Doğruluğuna Dair Semavi Bir Nişan: Ay ve Güneş Tutulması - Müslüman Ahmediye Cemaati

Doğruluğuna Dair Semavi Bir Nişan: Ay ve Güneş Tutulması

MEHDİ’NİN İKİ BÜYÜK ALÂMETİ

Yüce Peygamber Efendimiz (s.a.) “Mehdimiz’in iki alâmeti vardır. Dünya oldu olalı hiç meydana çıkmamıştır. Ay (her zaman tutulduğu tarihlerin) ilk gecesinde, güneş ise ( her zaman tutulduğu tarihlerin) ortasında Ramazan ayında tutulacaktır. Bu iki alâmet gökle yer yaratılalı hiç ortaya çıkmamıştır.’; der.

AĞUSTOS 1994

Hazırlayan:
DR.ABDULGAFFAR HAN

MASSENHAUSENER STR. 7 A
D-85375 NEUFAHRN (ALMANYA)
TEL: 08165 / 5996
FAX: 08165 / 7519

 

Bismillahirrahmanirrahim

Bugünden tam bir asır önce gökyüzünde yüce Peygamberimiz Hz. Muhammed (s.a.)’in Mehdi hakkında verdiği gaybi haberler doğrultusunda iki alâmet belirmişti. Bu muazzam belirti büyük bir ihtişamla hadis kitaplarında daha önceden belirtilen tarihlerde gerçekleşmişti. Yani 1894 yılında güneş ile ay Ramazan ayında tutularak daha önce Mehdi İmam olduğunu iddia etmiş bulunan Mirza Gulam Ahmed Hazretlerinin doğruluğuna tanıklık etmişti. Bundan dolayı, Müslüman Ahmediye Cemaati 1994 yılını tam yüz sene evvel ortaya çıkan bu iki muazzam nişanenin hatırasına yüzüncü yıldönümü olarak kutlamaktadır. Bilindiği gibi yüce Peygamberimiz Hz. Muhammed (s.a.v.) Mehdi’yi doğrulayacak olan iki semavi tanık hakkında tam bindörtyüz yıl önce bize haber vermişti. O yüce İmam’ın gelip bu ümmete çekidüzen vereceği ve İslamiyet’i tekrar galip getireceği ve Müslümanların o eski haşmetli günlerinin geleceği hakkında yüce Peygamberimiz önceden bildirmiştir.

Mehdi hakkındaki bazı alâmetler ise gökyüzünde belirecekti. Sözünü ettiğimiz adı geçen yüce alameti Peygamber Efendimiz Hz. Muhammed Mustafa (s.a.v.) tarafından şöyle anlatılmıştır: “Bizim Mehdimizin iki alâmeti olacak.

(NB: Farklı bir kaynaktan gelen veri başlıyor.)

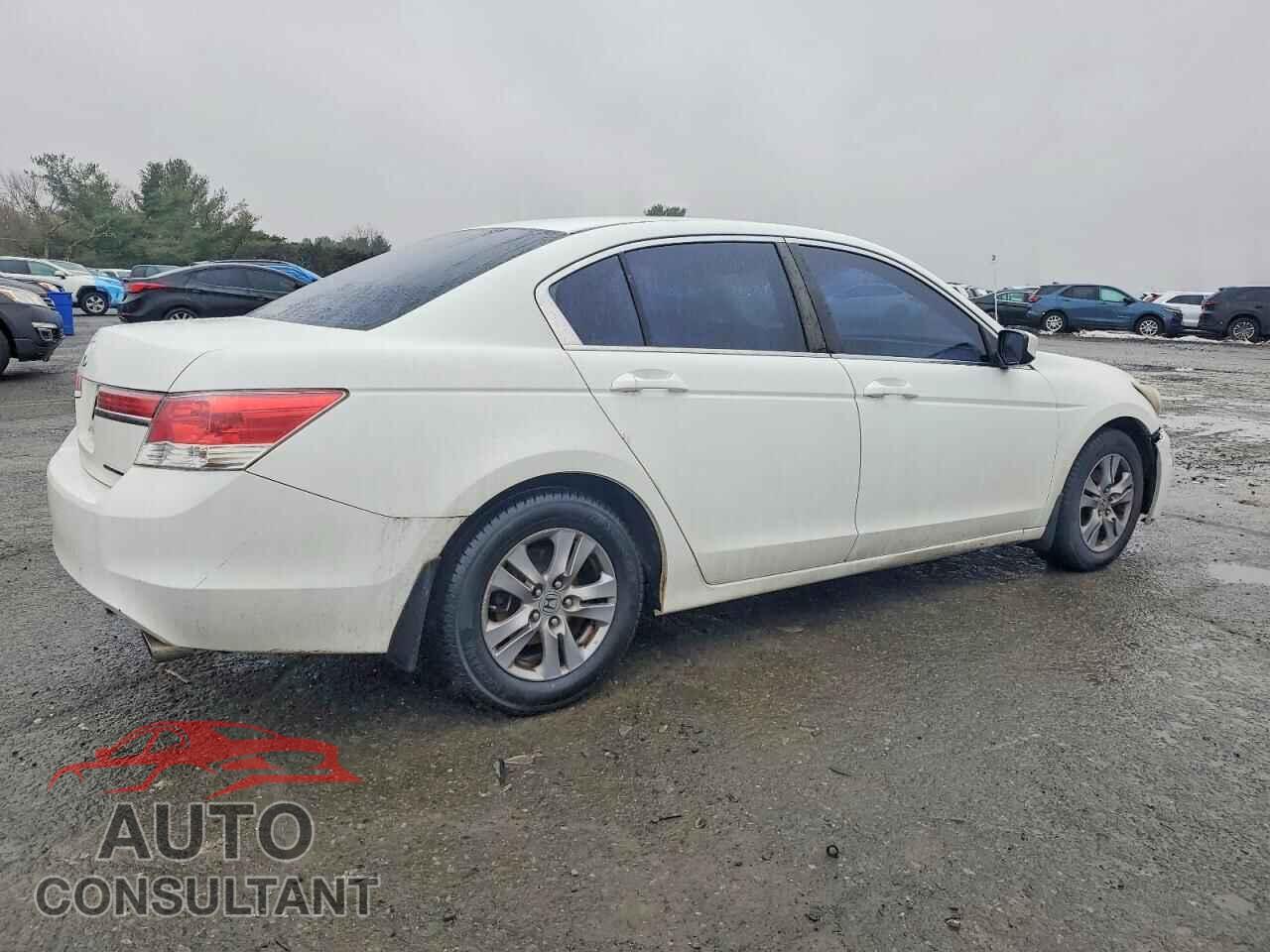 HONDA ACCORD 2012 - 1HGCP2F6XCA008865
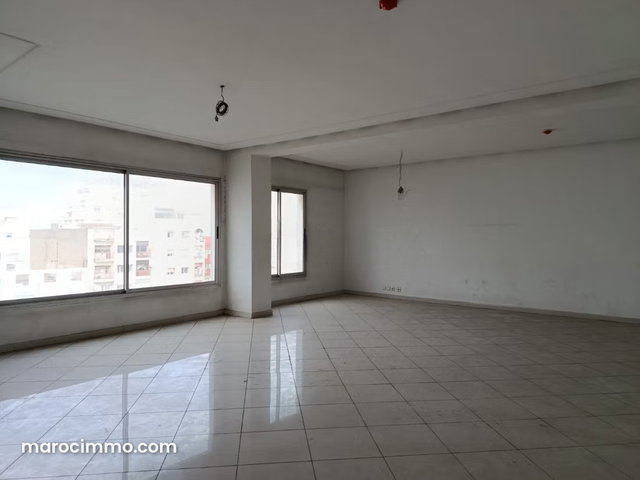 Bureaux 78m² a vendre_ Abdelmoumen — 2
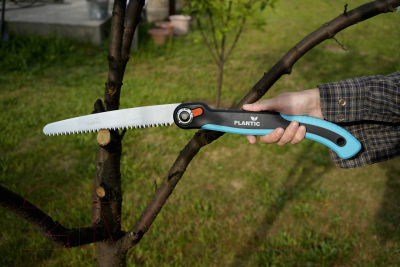 Пила садовая Plantic Light PowerCut 27260-01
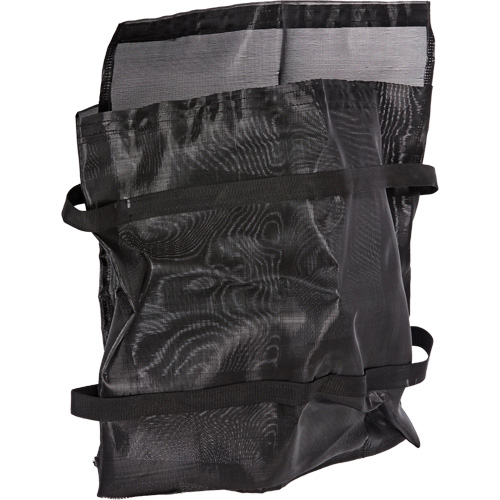 Grille de protection, S&eacute;diment, 24" lo x 24" la Maritime Industrial Rubber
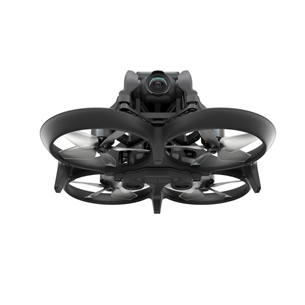 DJI Avata Fly Smart Combo With FPV Goggles V2, черный - Дрон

Dünya oldu olalı bu gibi iki alâmet hiç ortaya çıkmamıştır. Ramazan ayında ay (her zaman tutulduğu tarihlerin) ilkinde, güneş ise (her zaman tutulduğu tarihlerin) ortasında tutulacak. Gök ile yer yaratılalı bu iki belirti meydana çıkmamıştır” Sünen Ed-Dar Kutni Bab Salatü’I-Hüsüf ve’I -Küsuf. Kuran-ı Kerim’in bir ayeti de buna işaret eder. Nitekim bu yüce kitap, “Ay tutulacağı zaman, güneş ile ay (tutulmuşken) bir araya getirileceği zaman, insan, “Nereye kaçabilirim?” diyecek”.
(Kıyamet Suresi : 9-11)

Başka bir yerde Kuran-ı Kerim güneş ile ay hakkında , “Güneş de belli bir yere doğru yürümektedir. Bu da her şeyden üstün olup sonsuz bilgi sahibi olan (Allah’ın) belirttiği bir kanundur. Aya bakın: Biz ona da menziller tayin ettik. Bu menzillerin üzerinden yürüye yürüye sonunda bir dal gibi olup geri döner. Güneş, yıllık süreci esnasında hiçbir zaman aya yaklaşamaz. (Öyle olsa güneş sistemi altüst olur). Gece de ileri geçip gündüzü yakalayamaz. Bunlardan herbiri belli bir yol üzerinde kolaylıkla yürümeye devam ediyor,” der.
(Yasin Suresi: 39 – 41)

Adı geçen hadisin ortaya koyduğu gerçekler

a) Bu hadiste yüce Peygamber (s.a.v.) Mehdi’den “Bizim Mehdimiz” diye söz ettiğine göre nice sahte Mehdinin çıkacağı da bellidir. Sonra bu Mehdi’nin yüce Peygamberin sülalesinden olup (başka hadislerde zikredildiği gibi) onun gerçek aşığı, göğsünde İslam aşkını taşıyan biri olmasını bu hadis de vurgular.
b) Bu hadis bu iki alâmetin, iki şahidin gökyüzünde çıkacağı zaman iddiacının daha önceden mevcut olmasını da gerektirir. Çünkü iddiacı önce gelir, şahitler ise sonra gelir.
c) Bu hadise göre, bu iddiacı halk tarafından mutlaka yalanlanıyor, reddediliyor olacak ki, onu doğrulayân bu iki şahidi Cenab-ı Hak gökyüzünde ortaya çıkaracak.
ç) Ay ile güneşin tutulması Ramazan ayında gerçekleşecek. Tabii ki ay da, güneş de her zaman tutulur. Fakat Mehdi’yi doğrulayan ve onun için tanıklık eden ay ile güneşin Ramazan ayında tutulması gerekiyor.
d) Bu hadiste ayın tutulacağı tarih dahi bellidir. Bilindiği gibi, ay her zaman 13, 14 ve 15 tarihler arasında tutulur. Yüce Peygamberimiz ayın bu üç tarihinden ilkinde (yani 13’ünde) tutulacağını söyledi.
e) Güneş ise daima 27, 28 ve 29 tarihleri arasında tutulur. Yüce Peygamberimiz güneşin bu üç tarihten ortasında (yani 28’inde) tutulacağını söyledi.
f) Dünya oldu olalı, ay ile güneşin Ramazan ayında tutulması yalnız tek bir kişi için, yani Mehdi için gerçekleşeceği de adı geçen hadisten anlaşılmaktadır.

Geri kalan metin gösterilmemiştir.